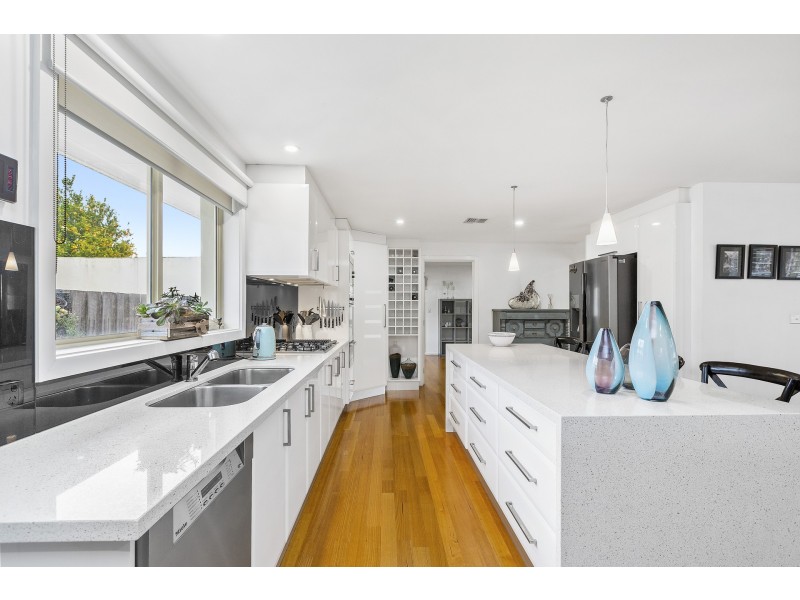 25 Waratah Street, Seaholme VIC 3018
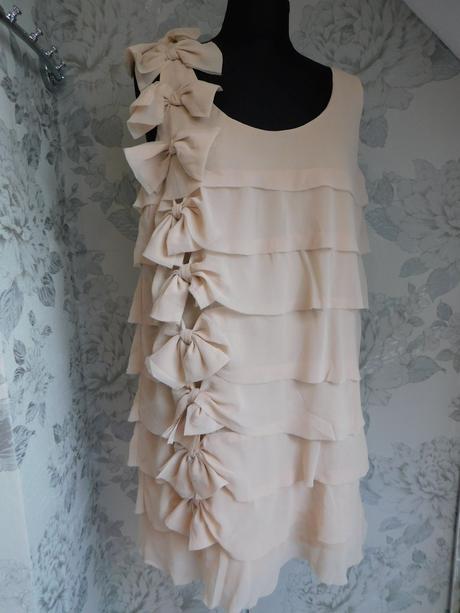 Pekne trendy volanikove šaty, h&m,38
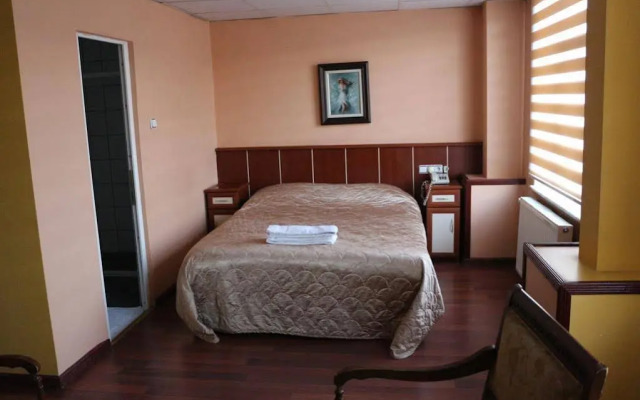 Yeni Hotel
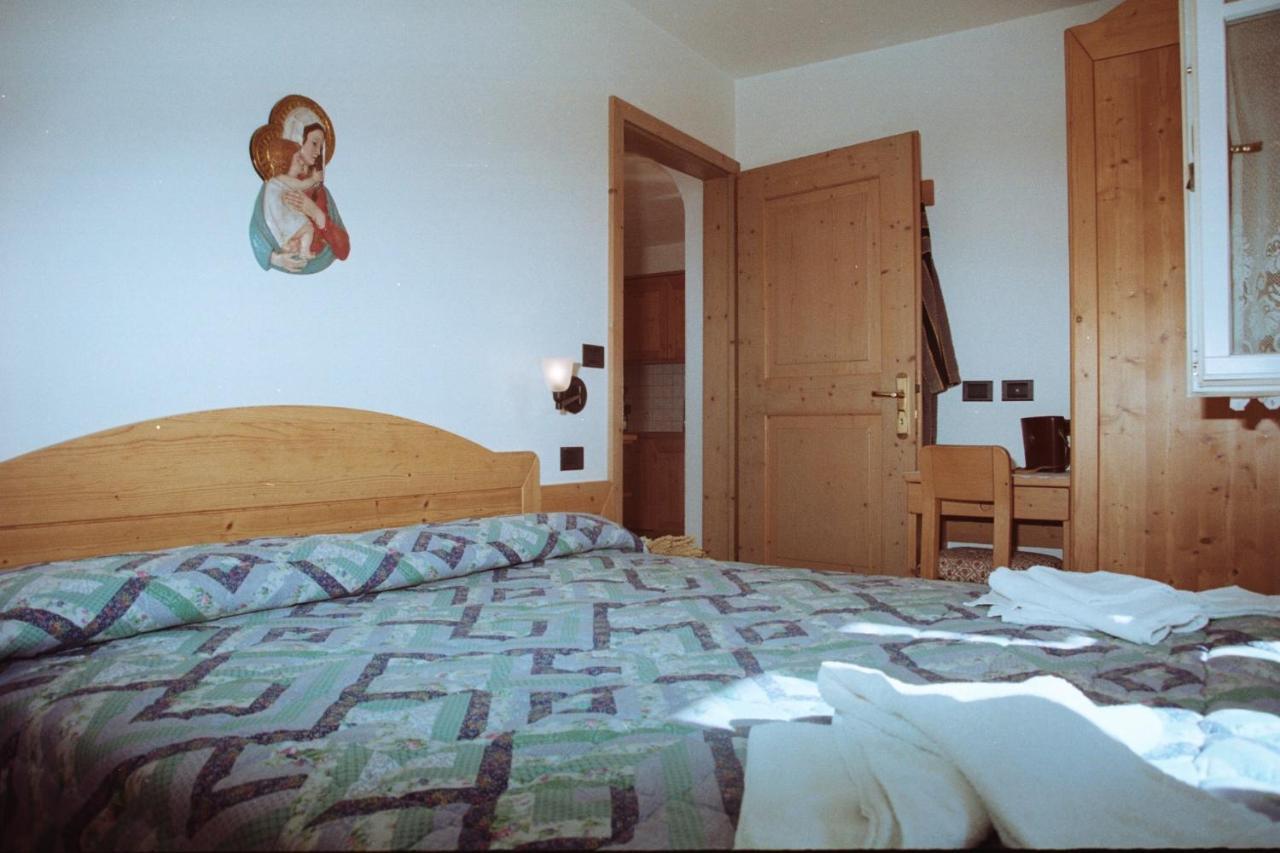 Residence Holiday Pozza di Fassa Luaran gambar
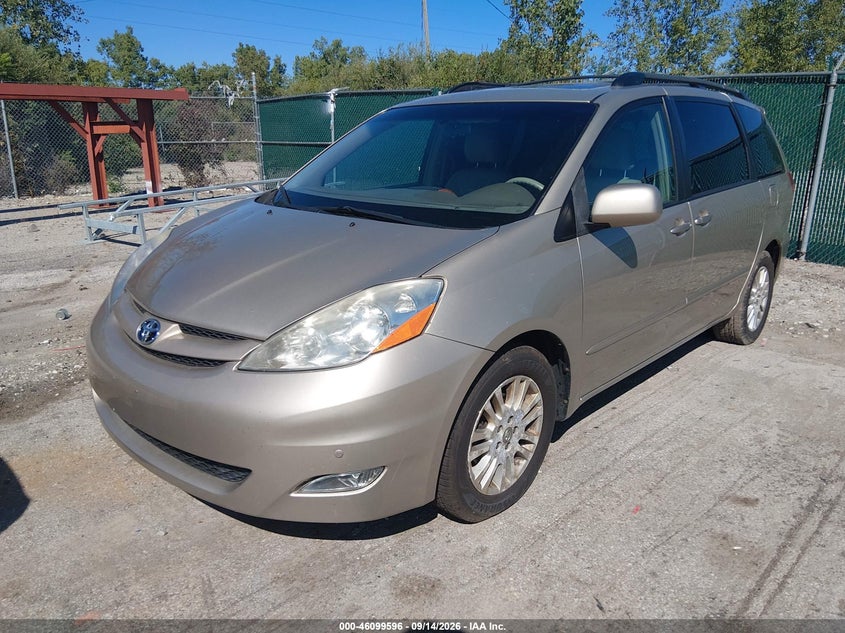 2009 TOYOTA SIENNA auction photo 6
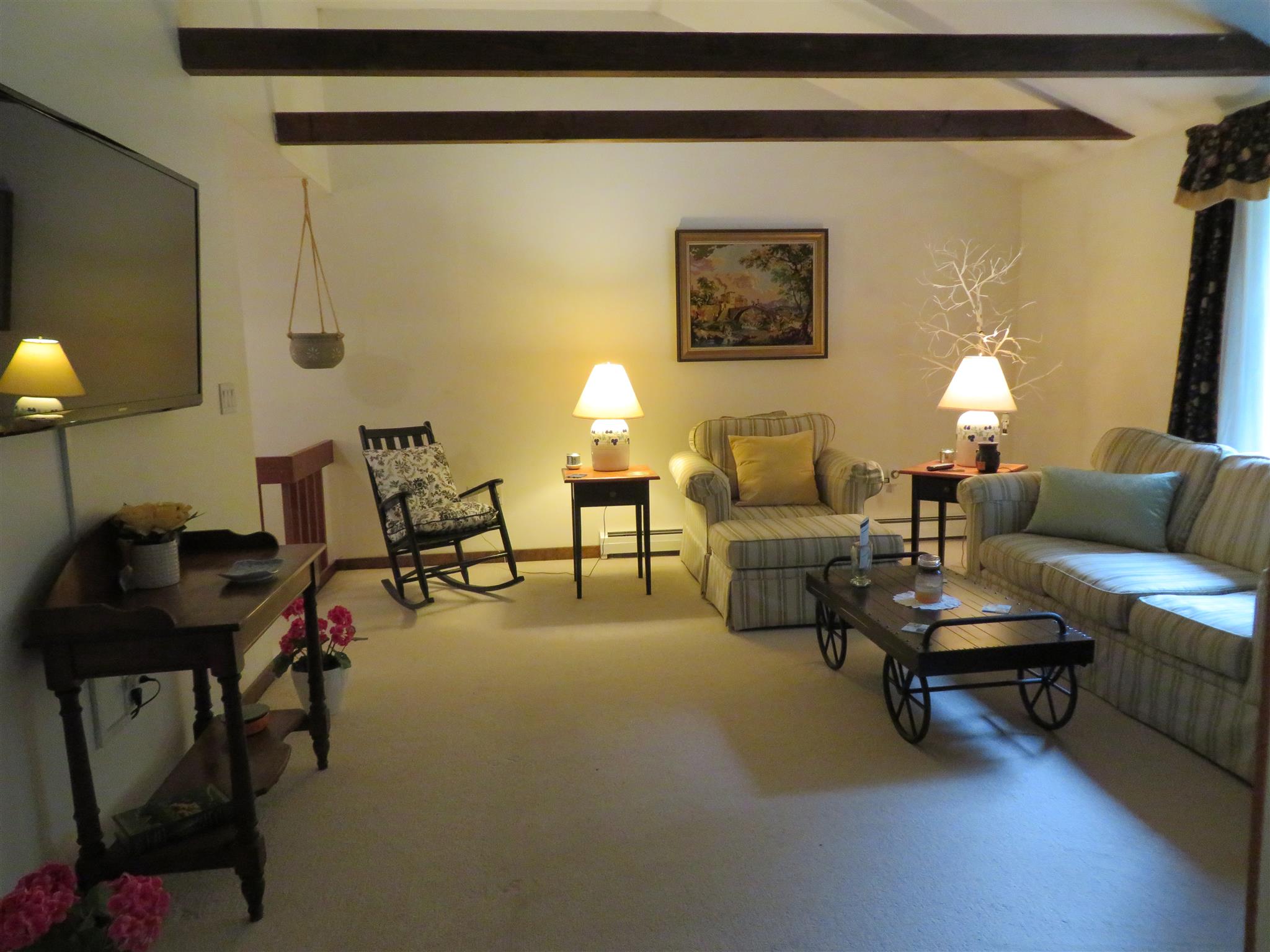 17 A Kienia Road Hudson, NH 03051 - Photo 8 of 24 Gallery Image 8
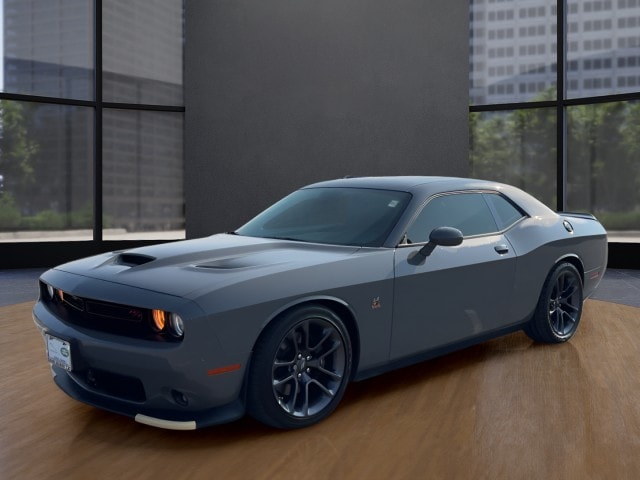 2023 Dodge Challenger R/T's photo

◇ ◇ ◇ ◇ ◇

▶ [Exercise details]: Verbatim copy without images: write the records above out in full.

▶ [Response to this exercise]:
 25 Waratah Street, Seaholme VIC 3018
 Pekne trendy volanikove šaty, h&m,38
 Yeni Hotel
 Residence Holiday Pozza di Fassa Luaran gambar
 2009 TOYOTA SIENNA auction photo 6
 17 A Kienia Road Hudson, NH 03051 - Photo 8 of 24 Gallery Image 8
 2023 Dodge Challenger R/T's photo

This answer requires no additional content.